Jose Mourinho’s rampant Chelsea squad top the Premier League with a number of opposition managers already apparently prepared to write off the title race with less than a dozen games played. Whether that’s more than a mite premature is something that will be revealed over time. For Blues’ fans however, it seems the ‘Special One’ can do no wrong. The summer transfer market saw the arrival of Diego Costa and Cesc Fabregas, already two stellar names in the club’s performance to date, plus the redoubtable tyro goalkeeper Thibaut Courtois and Brazilian Felipe Luis who is already offering genuine competition to Cesar Azpilicueta on the left flank of Chelsea’s defence. Add this to big money sales of David Luiz and Romelu Lukaku that balanced the books with an eye to FFP, and it’s bordering on genius dealings. Back in January however, Mourinho countenanced the sale of player who, current statistics reveal, is at the top of the creativity stakes in European football.
Everyone can be wise after the event of course, but back In January, accepting a £18million bid from Bundesliga outfit Wolfsburg for Belgian wide player Kevin de Bruyne appeared eminently sound business. The player had after all cost a mere £7million when Chelsea secured is services from Genk. Although now distant from the blandishments and promptings of Mourinho, de Bruyne has however had an exceptional start to the season, and currently is the main reason why unfancied Wolfsburg are tucked nicely into second place in the Bundesliga, behind perennial champions Bayern Munich.
The 23 year old again led his team to victory last weekend creating both goals in Wolfsburg’s 2-0 victory over Hamburg. The double brought his total for the season to nine, making him the continent’s highest ranked creative layer alongside Mourinho’s Cesc Fabregas. The former Arsenal star has rightly been lauded for his performances to date, and is an early contender for Footballer of the Year. With de Bruyne over in Germany however, his exploits have largely gone under the radar in England. His nine assists however, alongside Fabregas lifts him above such luminaries as Messi, Kroos, di Maria and Isco, whilst Cristiano Ronaldo has accumulated only slightly more half of de Bruyne’s total. So if the player had such potential, why did Mourinho allow him to leave?

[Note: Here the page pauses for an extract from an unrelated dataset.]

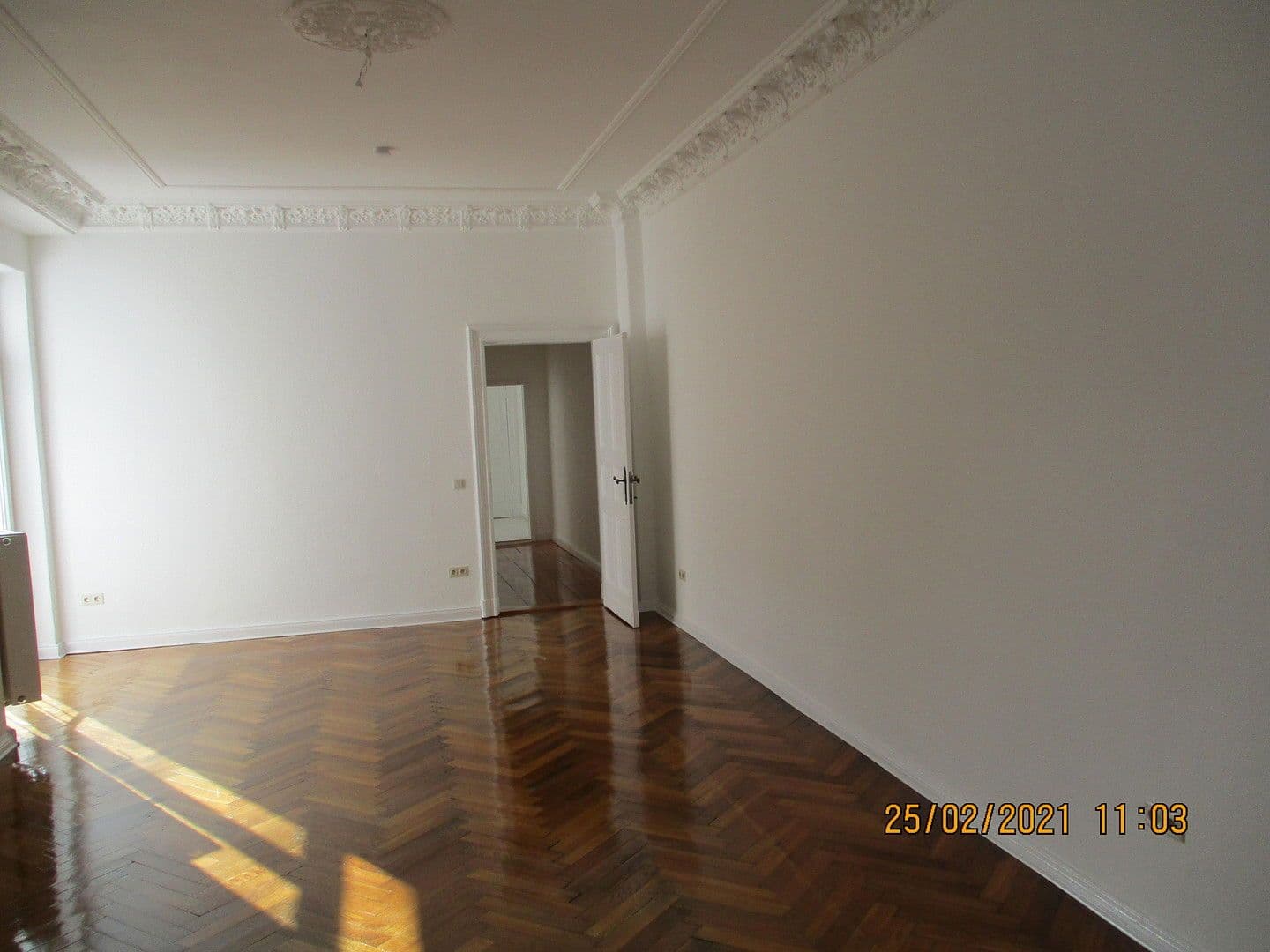 Prenájom bytu 5-izbový 152 m², Berlin, Berlín Prenájom bytu 5-izbový 152 m², Berlin, Berlín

The Belgian international himself offers a hint to the answer when he reveals how he had “lost his joy” at Stamford Bridge. When the Portuguese packed him off to Germany in exchange for a profit, de Bruyne had started a mere five league games for the Blues and a career in west London that had begun with such promise the August before, had now turned to disillusion and disappointment.
Quoted in Belgian newspaper Het Laatste Nieuws, de Bruyne relates how the dream of Premier League fame fell apart. “My pre-season was good,” he said. ”My first game too, but I still don’t know why I lost my place after the game against Manchester United.” Things continued to go downhill, and during a press conference in Bucharest, ahead of a Champions League game, the manager was asked about de Bruyne. In characteristically brusque reply, Mourinho said “With Kevin, I didn’t like the match he played against Swindon [in the Capital One Cup], and I didn’t like the way he was training” before standing up, waving and walking out of the room. Clearly Mourinho was not ready to talk about Kevin at that stage. Picking up the story, de Bruyne says “He has never told me: ‘Kevin, you don’t train well.’”

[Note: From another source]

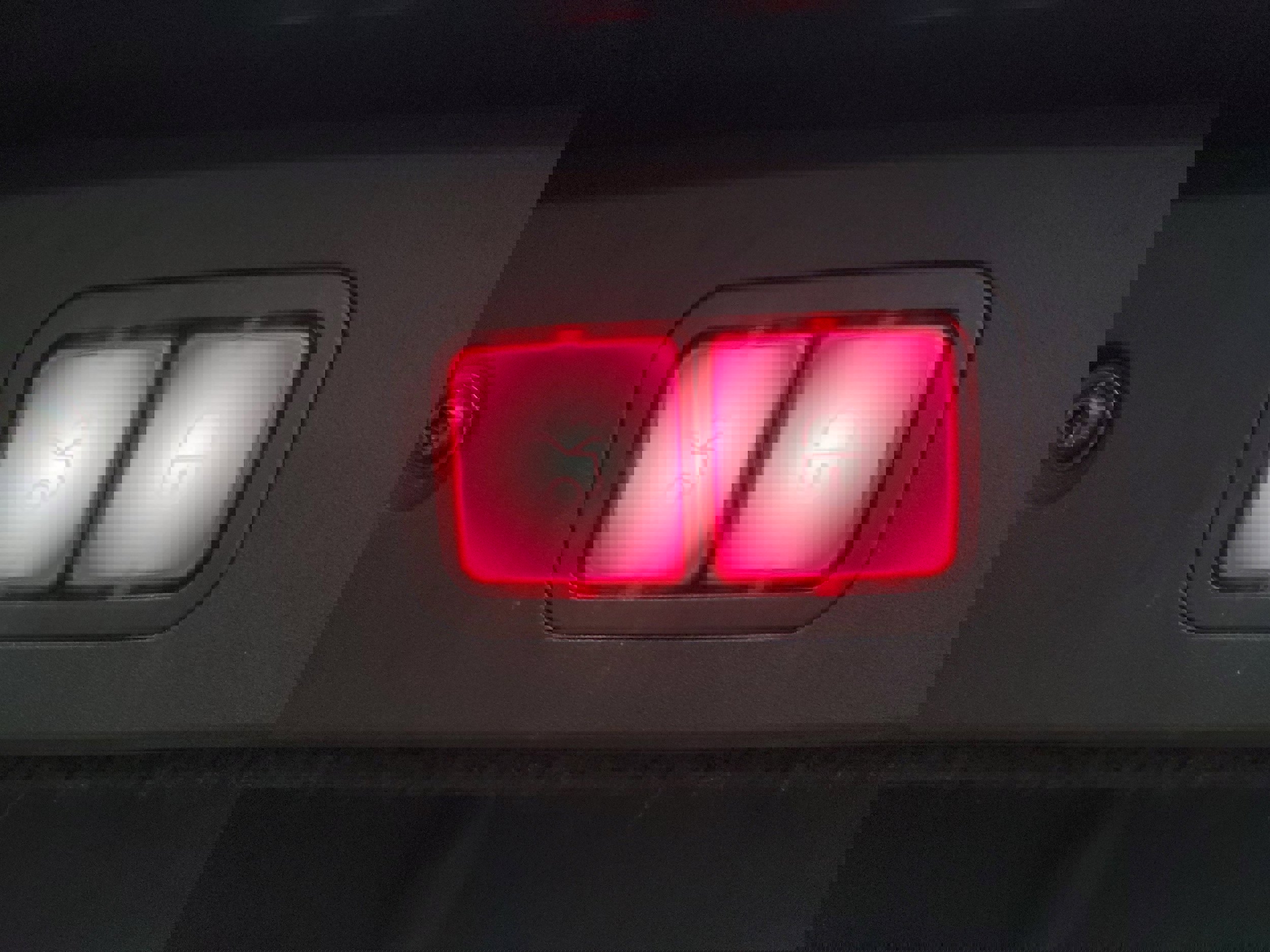 Used 2009 Mercedes-Benz E 350 4MATIC Sedan image 31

He goes on to say that “It’s a pity he told a press conference that I wasn’t doing well on the training pitch. That’s not me. I’m always a player who gives the full 100 per cent in training. Those remarks created a wrong image.” Clearly disappointed with the manager’s approach, he added “At the end of December I had a chat with Mourinho. He told me things about competition, training hard and there’s always a chance that you will play. And he also told me he wasn’t keen to let me go, even on loan, saying: ‘You’re a good player.’ But what could I do more?”
That said, de Bruyne claims he still tried to convince the manager of his worth to the team. “After the press conference in Bucharest I even started training harder, even on my days off. I lost three kilos and two percent fat – although we could get everything at the club: coke, chocolate. My situation has never changed. That’s why I asked him in a friendly way: ‘please let me go.’” He got his wish with the move to the Bundesliga where he had also previously shone during al loan period with Werder Bremen. At Wolfsburg though, he has now stepped up on that level of performance.
So, did Mourinho make a mistake letting de Bruyne go? Maybe not. It would be an entirely reasonable argument for Mourinho to say that he has a full quota of midfield players that fit his style of play, and the money for de Bruyne was too good to refuse, especially with the FFP strictures now biting. It could also be argued that the less frenetic pace of German football is more suited to de Bruyne’s style. It may also be that Mouringho would not even seek to defend his decision. With past character in mind, I guess that’s the more likely scenario. Nevertheless, it would be interesting to talk with him about Kevin.